La revue « Etudes Economiques » de BNP PARIBAS publiée il y a
quelques jours, estime que la demande adressée en 2009 aux économies émergentes
(dont fait partie la Tunisie) devrait être en baisse de 3 à 5% en volume ; et
que les prix des matières premières baisseraient de 50% pour le pétrole et de 25
à 30% pour les matières premières non pétrolières. Cette analyse prévoit
également une contraction des flux de capitaux privés étrangers vers les pays
émergents, qui avaient surtout concerné dans le passé le secteur énergétique.
Dit autrement, moins d’argent viendra de l’étranger pour financer les économies
des pays en développement du fait de la crise de liquidités à l’étranger.
Après une croissance en volume de 6,5% en 2007, et de 4,2% en
2008, il est donc probable que la croissance de 2009 se situe à un niveau
inférieur ; et la publication des indicateurs d’activité du 1er trimestre des
entreprises tunisiennes cotées pourrait même montrer des chiffres d’affaires en
recul pour certaines d’entre elles. A ce niveau, il faut souligner le phénomène
exceptionnel que constitue la chute des prix des matières premières (pétrole,
aluminium, plomb, cuivre….). Pour certaines entreprises, cette chute va avoir
une répercussion positive sur leurs achats; et la baisse de leur CA n’impactera
pas mécaniquement la rentabilité de ces dernières. Dans certains cas, l’effet
global de ces deux évolutions pourrait même se traduire par des bénéfices nets
en progression. C’est donc avec discernement que les investisseurs devront lire
les publications trimestrielles des sociétés cotées en ce début 2009.
Quant aux banques commerciales tunisiennes, qui représentent
plus de la moitié de la capitalisation de la Bourse de Tunis, la baisse récente
– et importante- des taux courts (75 points de base) va affecter leur marge
nette d’intérêt.

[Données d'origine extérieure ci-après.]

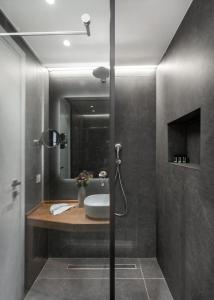 a bathroom with a shower with a sink and a mirror at DAYS City Suites in Patra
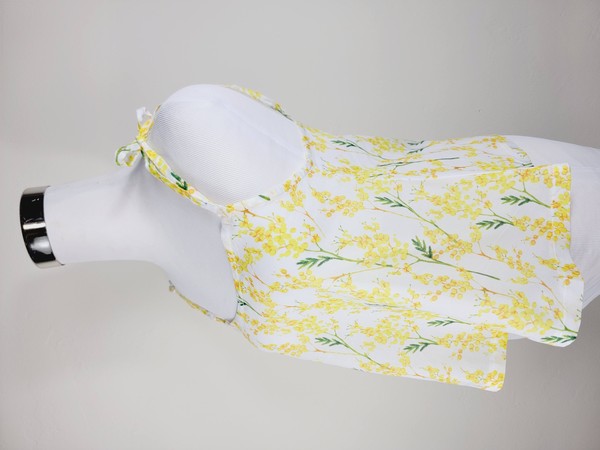 Yellow cotton tank top with a floral design and adjustable spaghetti straps, styled against a leafy green plant on a white background.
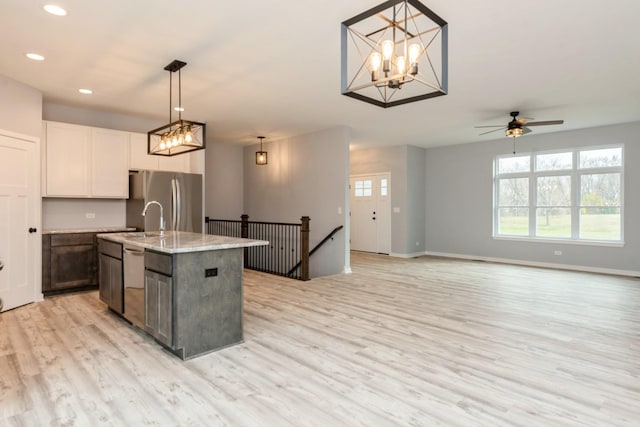 kitchen with light wood-style flooring, recessed lighting, baseboards, appliances with stainless steel finishes, and an island with sink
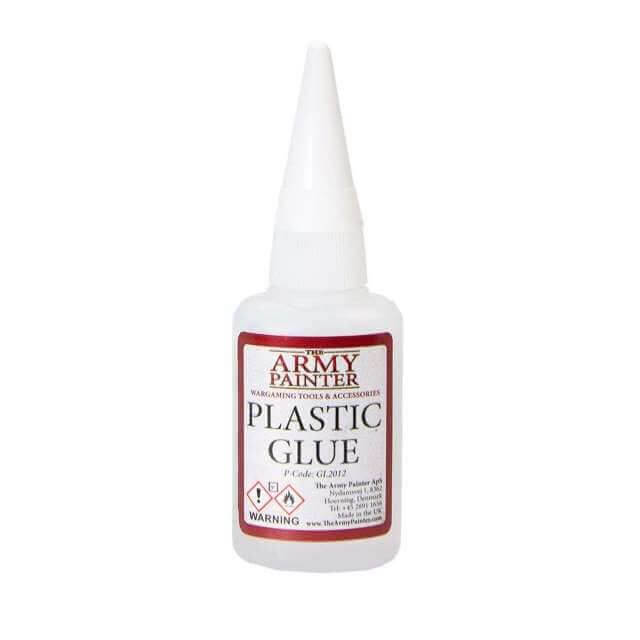 A bottle of Plastic Glue with a white cap.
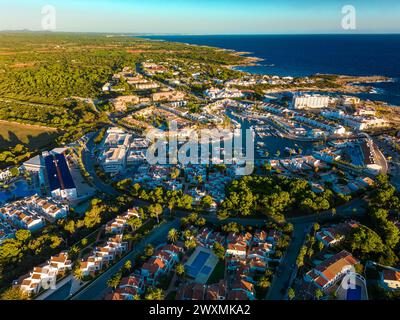 Vue aérienne drone du port, du logement et de la plage de Cala en Bosc sur l'île espagnole de Minorque. Banque D'Images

Toutes choses égales par ailleurs, cette marge nette d’intérêt
pourrait baisser de 15% impactant directement leur PNB, dont elles représentent
la principale source.
Toutefois, en aval du PNB, la couverture des créances classées
par les provisions, qui avait lourdement ponctionné la rentabilité des banques,
s’est nettement améliorée, certaines banques atteignant déjà l’objectif de 70%
fixée par la Banque Centrale comme niveau à atteindre en 2009. Cette évolution
va se traduire par des dotations aux provisions relativement moins importantes,
et ouvre des perspectives favorables pour les bénéfices des banques.
L’environnement dans lequel opèrent aujourd’hui les entreprises
tunisiennes est plus aléatoire, plus difficile à interpréter, avec des
évolutions rapides au niveau de la demande, des prix de vente et des achats, des
taux de change et d’intérêt. C’est dans ce contexte compliqué et volatile que
les investisseurs doivent fonder leurs décisions d’investissement, et les
analystes leurs recommandations. Les deux sont appelés aujourd’hui à un
impératif d’analyse approfondie sur les fondamentaux des entreprises et sur leur
environnement, et à une estimation plus fine des risques.